Sample recognizer client

This topic describes how to set up and run a simple Python application that uses NRaaS to recognize spoken numbers.

The sample Python app sample-client.py recognizes US English spoken numbers from an audio file using a built-in recognition grammar. It also shows how to use external and inline grammars, but these are commented out where recognition_init. You can run it from the shell script, which generates a token and runs the app. Pass the script the name of an audio file.

Prerequisites

To run this client, you need:

  • Python 3.6 or later.
  • The generated Python stub files from gRPC setup.
  • Your client ID and secret from Prerequisites from Mix.
  • Download and extract the files from sample-nr-speech-client.zip.
  • An audio file in μ-law 8 kHz format.
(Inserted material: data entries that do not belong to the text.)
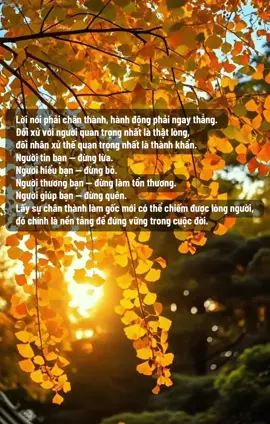 Đôi khi ta lại làm tổn thương người thương ta  #Antinhthu #chualanh 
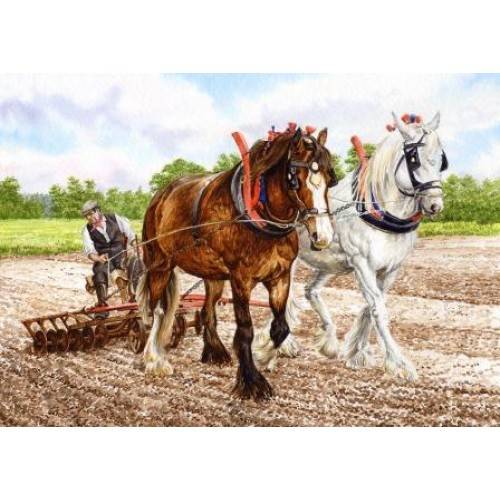 heavy_horses.jpg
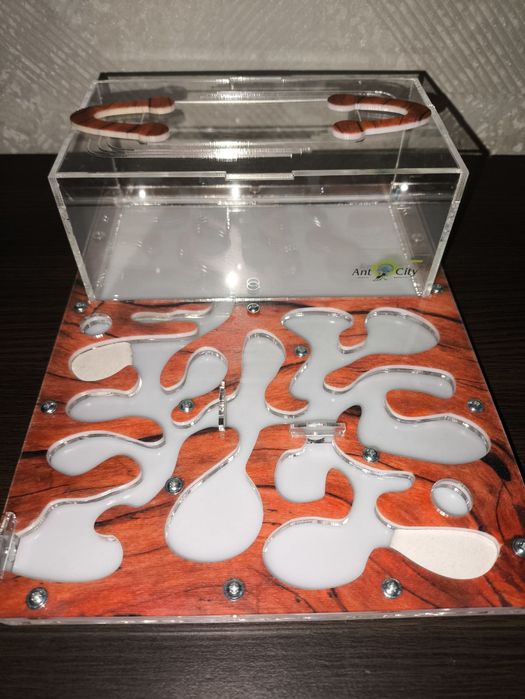 Мурашина ферма Марко Дерево,до 1500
Use the audio files in sample-nr-speech-client or provide your own. Stereo audio files are not supported.

Build the app

Download the zip file containing the sample python client and extract it. For convenience the zip file contains a copy of the Nuance Recognizer proto file mentioned in gRPC setup.

The zip file contains the following files:

  • nr-speech-client.py: Sample python client.
  • run-nr-speech-client.sh: Convenience script to acquire a token and run the sample client.
  • generate-protobuf-and-grpc-python.sh: Convenience script to generate the python stubs from the proto file.
  • fruits.grxml: Example GRXML grammar, could be loaded as a URI grammar if hosted on a web server.
  • README.txt: Brief information on how to run the sample client.
  • nuance/nrc/v1/nrc.proto: The gRPC proto file for the Nuance Recognizer service.
  • audio/: Sample μ-law audio files that can be used with the client.
  View nr-speech-client.py  

The script generate-protobuf-and-grpc-python.sh can be used to generate the Python stubs from the proto file. These are the resulting client files, above the nuance directory holding the proto file and its corresponding Python stubs:

├── README.txt
├── generate-protobuf-and-grpc-python.sh
├── run-nr-speech-client.sh
├── nr-speech-client.py
├── fruits.grxml
├── audio
│   └── ...
└── nuance
    └── nrc
        └── v1
            ├── nrc.proto
            ├── nrc_pb2.py
            └── nrc_pb2_grpc.py

You can use this client to request speech recognition, optionally including recognition resources such as inline or URI grammars for recognizing specific words or sentences.

Edit shell script

First, edit the sample shell script or batch file to add your Mix client ID and secret. The script also changes the colons in the client ID to %3A so curl can parse the value correctly.

#!/bin/bash

CLIENT_ID="<ENTER_YOUR_MIX_CLIENT_ID_HERE>"
SECRET="<ENTER_YOUR_MIX_CLIENT_SECRET_HERE>"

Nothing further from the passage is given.